■ GIVEN INFORMATION ■

----

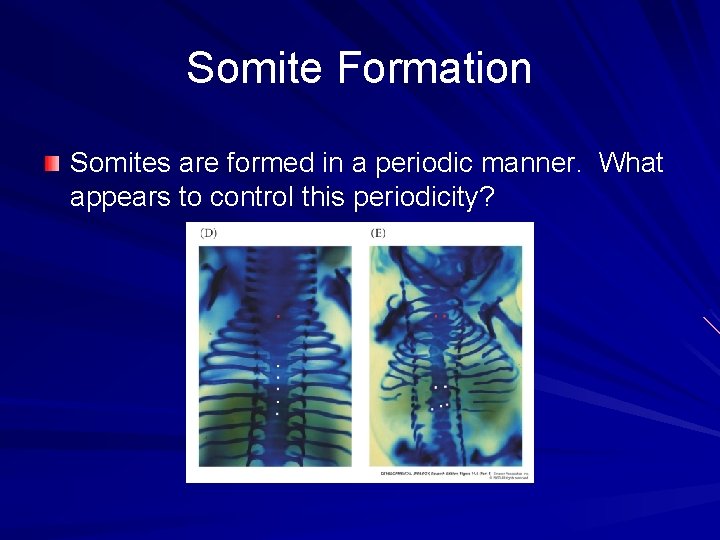 Somite Formation Somites are formed in a periodic manner. What appears to control this Somite Formation Somites are formed in a periodic manner. What appears to control this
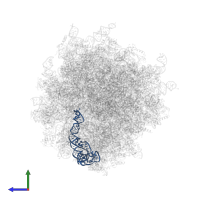 5S ribosomal RNA in PDB entry 7ls1, assembly 1, side view.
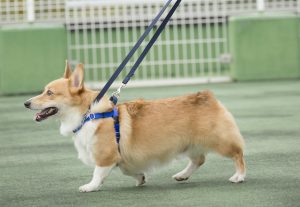 犬具選び方の鉄則 コーギーは首輪とハーネスどっちがいい Shi Ba シーバ プラス犬びより 犬と楽しく暮らす 情報マガジン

----

■ DESCRIPTION OF THE TASK ■
Please retype the material above exactly, and omit its images.

■ COMPLETED TASK ■
 Somite Formation Somites are formed in a periodic manner. What appears to control this Somite Formation Somites are formed in a periodic manner. What appears to control this
 5S ribosomal RNA in PDB entry 7ls1, assembly 1, side view.
 犬具選び方の鉄則 コーギーは首輪とハーネスどっちがいい Shi Ba シーバ プラス犬びより 犬と楽しく暮らす 情報マガジン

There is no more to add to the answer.